# Is Sunday hunting less crowded



## matt (Sep 18, 2017)

This is my first season going after pheasant and hunting in general. I just took place in the madness of opening morning around the Utah lake area on public land. Crazy to say the least, and slightly concerning regarding gun handling, lack of proper spacing and some very aggressive/ conflict orientated hunters who were looking for problems. 

This leads me to my question, is hunting on Sunday significantly less busy? 
I don?t want to be apart of that again any time soon. 

Thanks


----------



## stillhunterman (Feb 15, 2009)

Matt,

I'm really sorry you has such a fretful hunt, a real shame. This type of thing occurs across the board in all hunting, from big game to small game, to waterfowl and even fishing. It really sucks, but a part of life and the outdoor world now it seems. Yeah, Sunday is less of a cluster, as is the middle of the week. Good luck, hang in there and hopefully in short order you will pick up on how and when to deal or not deal with the bad side of human nature...trust me, it's worth the effort.


----------



## Fowlmouth (Oct 4, 2008)

Drove up Carr Fork, saw 100 vehicles at 7:00 so I headed further South to Fitzgerald where there was another 100. Guys walking in the dark with headlamps bumping birds, guys walking all directions, guys wearing camo clothing, guys shooting in all directions. No thanks, I'm done with that mess.


----------



## Critter (Mar 20, 2010)

I haven't gone pheasant hunting on the opening since 1972 when I got peppered in the back with some #6 shot. It was a good thing that I was wearing a old M65 field jacket. 

After that experience if I want to go pheasant hunting I'll do it in the middle of the week.


----------



## matt (Sep 18, 2017)

Yeah, I?m definitely going to keep getting after them, just going to have to make time during the middle of the week. It?s a shame it?s such a common experience but I?m glad to know I?m not the only one.


----------



## MuscleWhitefish (Jan 13, 2015)

matt said:


> This is my first season going after pheasant and hunting in general. I just took place in the madness of opening morning around the Utah lake area on public land. Crazy to say the least, and slightly concerning regarding gun handling, lack of proper spacing and some very aggressive/ conflict orientated hunters who were looking for problems.
> 
> This leads me to my question, is hunting on Sunday significantly less busy?
> I don?t want to be apart of that again any time soon.
> ...


Given that religion plays an major part in the culture of Utah. It depends on how religious people chose to be on Sunday

Sent from my iPhone using Tapatalk


----------



## Slap That Quack (Mar 2, 2017)

Yep I went to Carr fork today, that was a mistake. We got a two man limit but also got shot at twice, and for at least 30 minutes there was literally no safe shooting zones.
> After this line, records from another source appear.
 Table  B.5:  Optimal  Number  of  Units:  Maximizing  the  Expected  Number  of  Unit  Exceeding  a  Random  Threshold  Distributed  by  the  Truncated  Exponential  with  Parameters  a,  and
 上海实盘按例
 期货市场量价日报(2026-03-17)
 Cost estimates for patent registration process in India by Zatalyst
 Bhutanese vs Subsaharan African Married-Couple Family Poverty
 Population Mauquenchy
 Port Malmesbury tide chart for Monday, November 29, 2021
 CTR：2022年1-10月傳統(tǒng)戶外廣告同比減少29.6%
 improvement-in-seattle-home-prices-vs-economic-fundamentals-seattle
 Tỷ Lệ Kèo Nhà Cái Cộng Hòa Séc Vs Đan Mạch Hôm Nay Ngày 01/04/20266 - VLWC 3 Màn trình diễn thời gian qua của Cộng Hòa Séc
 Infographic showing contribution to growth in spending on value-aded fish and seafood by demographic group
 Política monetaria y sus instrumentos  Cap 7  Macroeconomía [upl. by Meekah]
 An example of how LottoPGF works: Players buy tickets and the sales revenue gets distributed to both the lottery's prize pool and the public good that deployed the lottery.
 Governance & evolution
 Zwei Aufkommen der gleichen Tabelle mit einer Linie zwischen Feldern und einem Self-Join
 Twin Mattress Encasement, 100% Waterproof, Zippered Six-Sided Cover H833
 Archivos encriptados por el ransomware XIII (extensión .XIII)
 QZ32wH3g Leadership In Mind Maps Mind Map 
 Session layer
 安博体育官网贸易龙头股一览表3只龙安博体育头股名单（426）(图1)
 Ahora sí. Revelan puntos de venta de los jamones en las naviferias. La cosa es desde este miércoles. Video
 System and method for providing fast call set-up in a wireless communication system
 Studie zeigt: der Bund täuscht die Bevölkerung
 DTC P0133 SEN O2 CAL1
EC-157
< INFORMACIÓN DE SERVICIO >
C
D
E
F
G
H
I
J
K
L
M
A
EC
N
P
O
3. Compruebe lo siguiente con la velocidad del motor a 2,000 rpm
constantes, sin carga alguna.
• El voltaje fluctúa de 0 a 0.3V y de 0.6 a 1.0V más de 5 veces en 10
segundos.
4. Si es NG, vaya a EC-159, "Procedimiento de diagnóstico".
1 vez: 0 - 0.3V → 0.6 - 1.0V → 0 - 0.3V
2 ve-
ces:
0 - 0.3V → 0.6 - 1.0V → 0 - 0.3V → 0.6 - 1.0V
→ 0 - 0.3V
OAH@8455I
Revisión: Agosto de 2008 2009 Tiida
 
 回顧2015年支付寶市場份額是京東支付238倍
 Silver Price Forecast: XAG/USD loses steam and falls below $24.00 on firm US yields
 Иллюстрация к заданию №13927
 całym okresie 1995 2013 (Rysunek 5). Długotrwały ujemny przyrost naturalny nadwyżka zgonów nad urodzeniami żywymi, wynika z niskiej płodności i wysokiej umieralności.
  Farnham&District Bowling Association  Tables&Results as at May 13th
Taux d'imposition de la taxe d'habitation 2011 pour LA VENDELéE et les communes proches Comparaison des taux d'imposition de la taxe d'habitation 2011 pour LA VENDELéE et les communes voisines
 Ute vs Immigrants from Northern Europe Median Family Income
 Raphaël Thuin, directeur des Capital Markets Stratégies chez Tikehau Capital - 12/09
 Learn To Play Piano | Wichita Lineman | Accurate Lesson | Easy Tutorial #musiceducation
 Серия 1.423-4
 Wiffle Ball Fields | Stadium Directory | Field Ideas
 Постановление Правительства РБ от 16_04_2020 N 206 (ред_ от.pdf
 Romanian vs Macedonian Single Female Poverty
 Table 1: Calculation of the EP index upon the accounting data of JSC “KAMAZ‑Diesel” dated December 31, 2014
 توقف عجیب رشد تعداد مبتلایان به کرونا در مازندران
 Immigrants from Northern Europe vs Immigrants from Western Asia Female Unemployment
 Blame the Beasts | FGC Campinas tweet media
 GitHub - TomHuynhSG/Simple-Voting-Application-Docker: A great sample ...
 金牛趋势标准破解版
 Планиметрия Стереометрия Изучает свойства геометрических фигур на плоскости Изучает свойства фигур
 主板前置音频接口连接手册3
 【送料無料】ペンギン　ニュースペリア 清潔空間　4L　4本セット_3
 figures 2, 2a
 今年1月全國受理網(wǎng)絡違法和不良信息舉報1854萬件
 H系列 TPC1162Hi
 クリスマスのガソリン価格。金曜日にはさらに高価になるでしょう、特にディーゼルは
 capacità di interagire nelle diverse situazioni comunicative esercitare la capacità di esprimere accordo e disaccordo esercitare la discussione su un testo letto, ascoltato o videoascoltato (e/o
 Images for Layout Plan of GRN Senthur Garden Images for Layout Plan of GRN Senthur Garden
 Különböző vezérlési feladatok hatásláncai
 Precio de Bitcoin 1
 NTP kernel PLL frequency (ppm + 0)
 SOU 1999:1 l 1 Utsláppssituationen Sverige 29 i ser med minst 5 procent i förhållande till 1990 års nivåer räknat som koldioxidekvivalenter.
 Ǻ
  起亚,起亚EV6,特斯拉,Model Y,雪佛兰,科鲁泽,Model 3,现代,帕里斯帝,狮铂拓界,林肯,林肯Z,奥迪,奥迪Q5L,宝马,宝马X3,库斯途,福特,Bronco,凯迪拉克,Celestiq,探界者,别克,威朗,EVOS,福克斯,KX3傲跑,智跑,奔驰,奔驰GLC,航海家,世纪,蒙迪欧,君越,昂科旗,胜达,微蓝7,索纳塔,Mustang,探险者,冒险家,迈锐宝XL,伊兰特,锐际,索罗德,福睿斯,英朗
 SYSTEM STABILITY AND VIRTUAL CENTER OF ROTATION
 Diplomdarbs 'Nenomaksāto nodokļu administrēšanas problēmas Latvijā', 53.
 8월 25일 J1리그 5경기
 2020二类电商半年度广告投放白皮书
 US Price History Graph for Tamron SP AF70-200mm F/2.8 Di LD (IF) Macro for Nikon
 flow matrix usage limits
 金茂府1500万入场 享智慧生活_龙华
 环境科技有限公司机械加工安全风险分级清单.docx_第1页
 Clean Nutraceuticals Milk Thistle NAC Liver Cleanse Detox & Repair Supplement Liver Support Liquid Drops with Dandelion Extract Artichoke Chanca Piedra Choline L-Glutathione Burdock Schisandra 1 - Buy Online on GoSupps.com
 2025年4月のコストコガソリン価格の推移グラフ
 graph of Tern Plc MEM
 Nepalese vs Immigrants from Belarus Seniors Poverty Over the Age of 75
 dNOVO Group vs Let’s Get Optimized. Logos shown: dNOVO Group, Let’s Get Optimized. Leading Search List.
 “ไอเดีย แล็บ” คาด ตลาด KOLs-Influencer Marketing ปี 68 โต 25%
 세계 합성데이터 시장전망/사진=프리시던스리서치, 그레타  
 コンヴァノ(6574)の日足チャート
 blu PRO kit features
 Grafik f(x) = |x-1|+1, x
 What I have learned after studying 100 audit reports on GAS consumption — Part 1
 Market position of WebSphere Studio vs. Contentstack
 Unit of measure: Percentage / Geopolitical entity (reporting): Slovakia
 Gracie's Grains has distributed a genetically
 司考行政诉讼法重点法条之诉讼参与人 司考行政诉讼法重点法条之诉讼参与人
Won't do that again, I'll be sticking to my wild bird areas.


----------



## Fowlmouth (Oct 4, 2008)

I had an hour to kill tonight, so I loaded the pups in the truck and headed up the road. My yellow dog is pretty good at finding leftovers. Nobody around tonight, had the place to ourselves.


----------



## Slap That Quack (Mar 2, 2017)

Fowlmouth if u want I can pm u where alot of left overs usually hide, u may already know though.


----------



## Fowlmouth (Oct 4, 2008)

Slap That Quack said:


> Fowlmouth if u want I can pm u where alot of left overs usually hide, u may already know though.


Sure send me a PM. I'll listen.


----------



## taxidermist (Sep 11, 2007)

Critter said:


> I haven't gone pheasant hunting on the opening since 1972 when I got peppered in the back with some #6 shot. It was a good thing that I was wearing a old M65 field jacket.
> 
> After that experience if I want to go pheasant hunting I'll do it in the middle of the week.


I hear ya on giving up the opening day "cluster"! I haven't hunted Pheasants for over 20 years. In the 80's, opening morning sounded like the 4th of July for at least 2hrs. I could shoot two WILD Roosters in the first ten minutes. Those days are for sure gone!! If I want to shoot pen raised birds, I'll pay the $20 each and head to a farm, or head to South Dakota. In the long run, your saving money if you think about it.


----------



## Kingfisher (Jul 25, 2008)

any day after the opening of pheasant season is a good day. especially week days.


----------



## APD (Nov 16, 2008)

there are a lot of scary hunters in this state. avoiding them is part of hunting, as is playing the pressure they provide. big game, small game or birds all react to humans. it can be good and bad but sometimes you have to make some lemonade. 

good luck with your hunt

btw, sunday is better but weekdays are best if you're looking to avoid the crowds.


----------



## Critter (Mar 20, 2010)

APD said:


> btw, sunday is better but weekdays are best if you're looking to avoid the crowds.


I have learned that doing anything outdoors is best during the week days between Monday and Friday. Fishing, hunting it doesn't matter.

I shot my deer this year on a Wednesday when there were very few hunters afield but they were pulling back in on Thursday for the weekend when I pulled out.


----------



## RabbitSlayer48 (Oct 25, 2017)

About 5 years ago I went to pheasant opener in the imperial valley in CA. Same situation you describe. That is not my idea of hunting and I would never do that again. Just think, if all the yahoos are out hunting pheasant, you have the grouse woods and chukar mountains to yourself...I'm planning to try some of the planted areas during the week.


----------



## guner (Sep 25, 2007)

Any of you guys hit Kansas ? Every year I? say I?m gonna go, then I? always find reasons I? can?t go.


----------



## High Desert Elk (Aug 21, 2012)

I'd say that all those "other" guys will be in church on Sunday so get after it!!

(insert 'tongue in cheek' emoji).


----------